Directing Sitemap Generator To Selected Files
« on: February 18, 2006, 01:02:24 AM »
My website is produced dynamically but has the ability to convert dynamic pages to regular html pages.  All of the html pages reside in the public folder (htdocs) along with "[ External links are visible to forum administrators only ]." Is there any way to direct sitemap generator to the folders containing the html pages and/or the html pages themselves?  This is driving me nuts because every sitemap generator program I've tried jumps into "index.html" and never looks below that.  The result is several hundred pages of meaningless dynamic pages.  Help!
« Last Edit: February 18, 2006, 01:08:37 AM by danl »
Re: Directing Sitemap Generator To Selected Files
« Reply #1 on: February 18, 2006, 01:19:31 AM »
Hello,

I'm not sure what do you mean, but you can enter direct URL of your html page instead of top domain URL as Starting address for crawling.
Re: Directing Sitemap Generator To Selected Files
« Reply #2 on: February 19, 2006, 10:58:15 AM »
Hi.  If I start sitemap generator at an html page it follows the links on that page and it crawls all the links on that page, which brings it into the dynamic pages (even though I've included the meta tag <META NAME="robots" content="index,no follow">.

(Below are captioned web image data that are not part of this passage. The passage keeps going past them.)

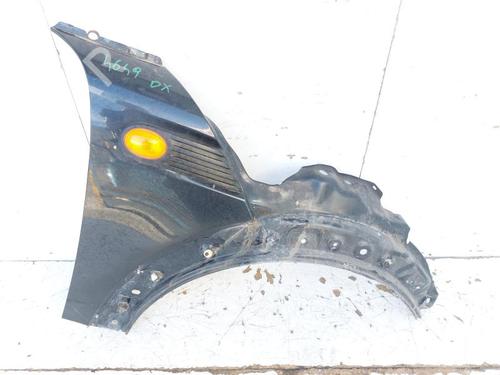 Used Right front fenders MINI MINI (R56) Cooper (120 hp) 29056210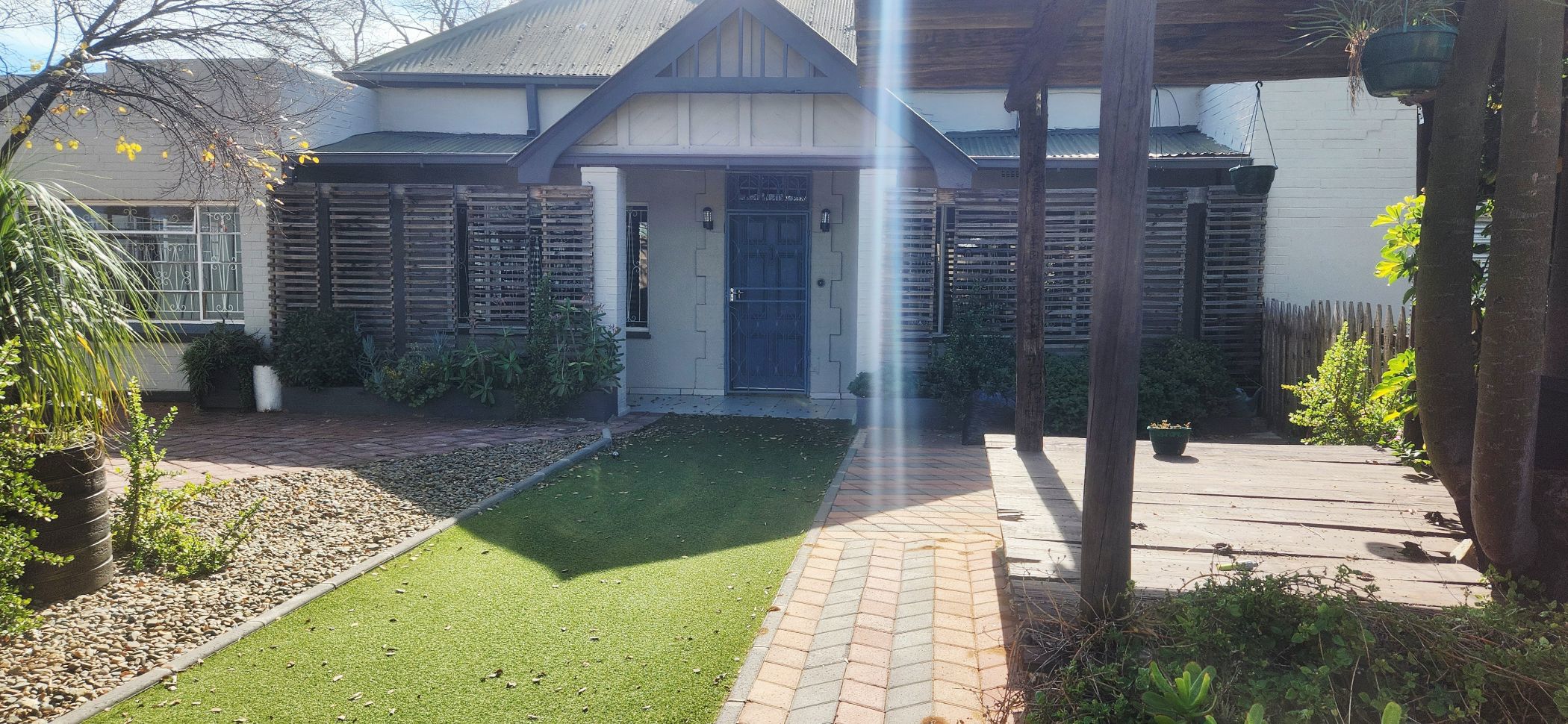 Commercial office to rent in Belgravia, Kimberley - 1KJ1741268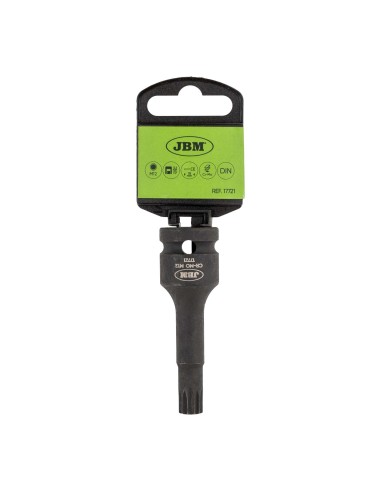 PUNTA DE IMPACTO XZN 1/2 M12
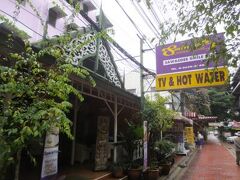 サワディー スマイル イン ホテル 写真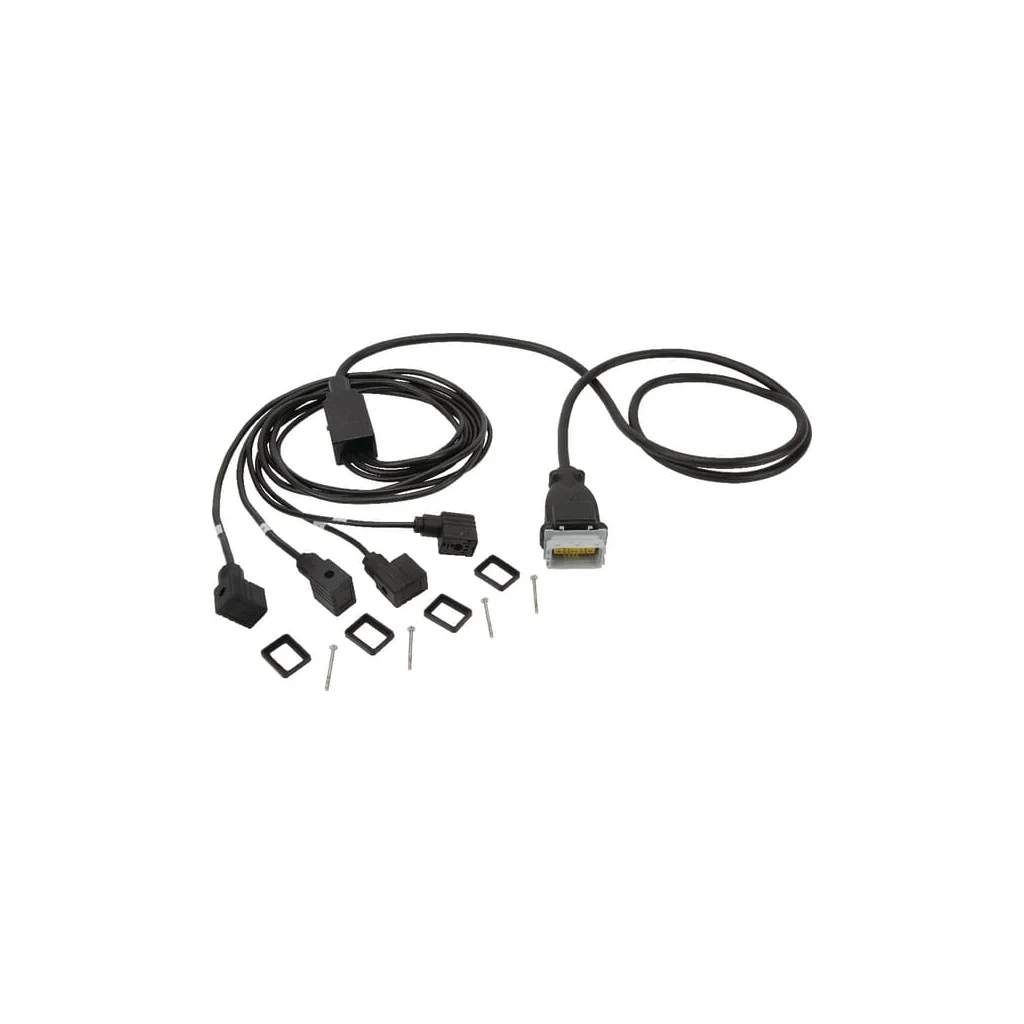 Cablu 46683 alimentare+senzor 46683B080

If I start sitemap generator at a directory containing the html pages, it lists the directory, but not the html pages residing inside the directory

(Example:  <url>
  <loc>[ External links are visible to forum administrators only ]</loc>
  <priority>0.5</priority>
  <changefreq>weekly</changefreq>
  </url>
  </urlset>).

Basically, I need a way to crawl several hundred independent html pages, pages that are not linked to each other.  Is there a way to do this?
Re: Directing Sitemap Generator To Selected Files
« Reply #3 on: February 19, 2006, 08:20:49 PM »
Hi.

the crawler finds the pages from the links included. You should have the site with pages that link to each other to get all of them.